» Data below:
···

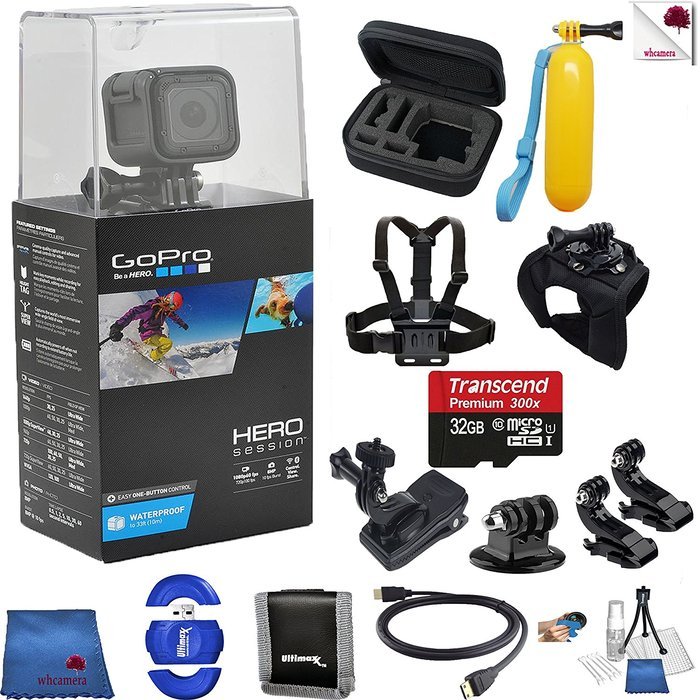 Gopro Hero 4 Session 13 Piece Into The Wild Bundle Includes: Go Pro Hero4 Session + Case + Chest Strap + Glove...
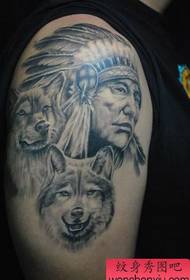 Modello tatuaggio lupo: braccio tatuaggio lupo indiano testa tatuaggio modello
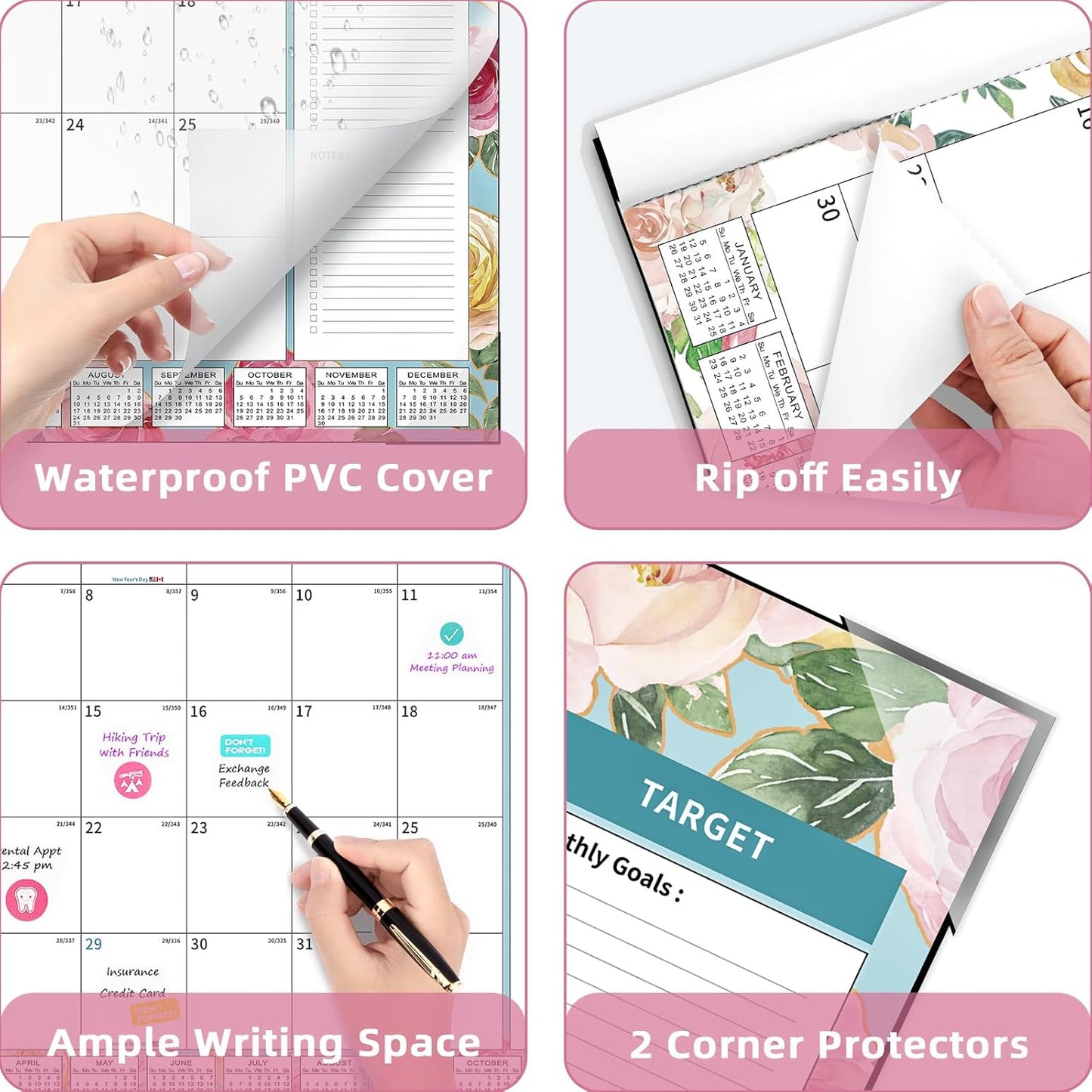 Ospelelf Desk Calendar 2025-2026 Large 22'' x 17'', Monthly Desktop Calendars, 18 Month Family Calendars, Use Jan 2025 - June 2026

···

» Task objective: Quote the preceding listing precisely and completely, omitting its images.

» Response box:
 Gopro Hero 4 Session 13 Piece Into The Wild Bundle Includes: Go Pro Hero4 Session + Case + Chest Strap + Glove...
 Modello tatuaggio lupo: braccio tatuaggio lupo indiano testa tatuaggio modello
 Ospelelf Desk Calendar 2025-2026 Large 22'' x 17'', Monthly Desktop Calendars, 18 Month Family Calendars, Use Jan 2025 - June 2026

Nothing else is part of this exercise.